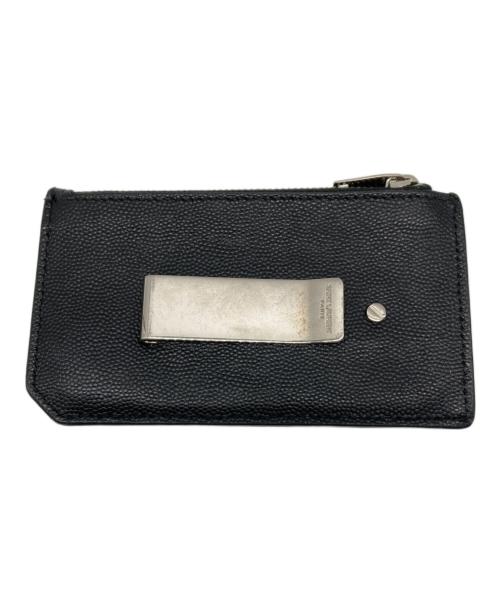 Saint Laurent Paris（サンローランパリ）Saint Laurent Paris (サンローランパリ) METAL-CLIP CARDHOLDER/GRZ584105 ブラックの古着・服飾アイテム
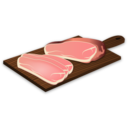 download Ham clipart image with 0 hue color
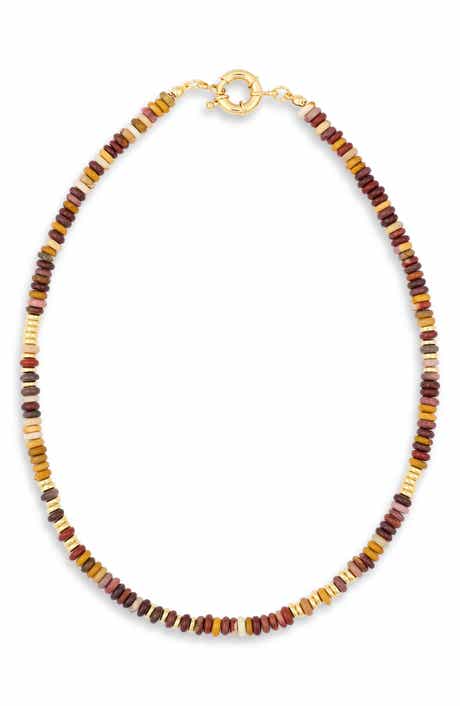 EYE CANDY LOS ANGELES Priya Multicolor Beaded Collar Necklace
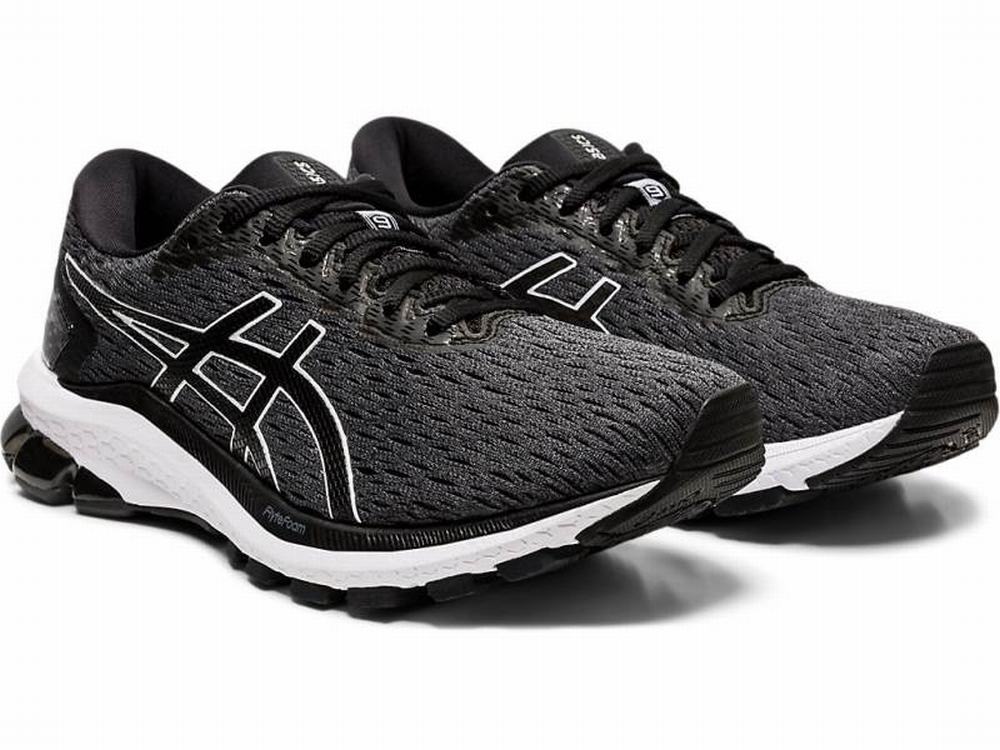 Asics GT-1000 9 (D) Futócipő Női Fekete Szürke | 150468-BSD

→ WHAT IS EXPECTED
Please transcribe each line above exactly, but leave the images out.

→ YOUR RESPONSE
 Saint Laurent Paris（サンローランパリ）Saint Laurent Paris (サンローランパリ) METAL-CLIP CARDHOLDER/GRZ584105 ブラックの古着・服飾アイテム
 download Ham clipart image with 0 hue color
 EYE CANDY LOS ANGELES Priya Multicolor Beaded Collar Necklace
 Asics GT-1000 9 (D) Futócipő Női Fekete Szürke | 150468-BSD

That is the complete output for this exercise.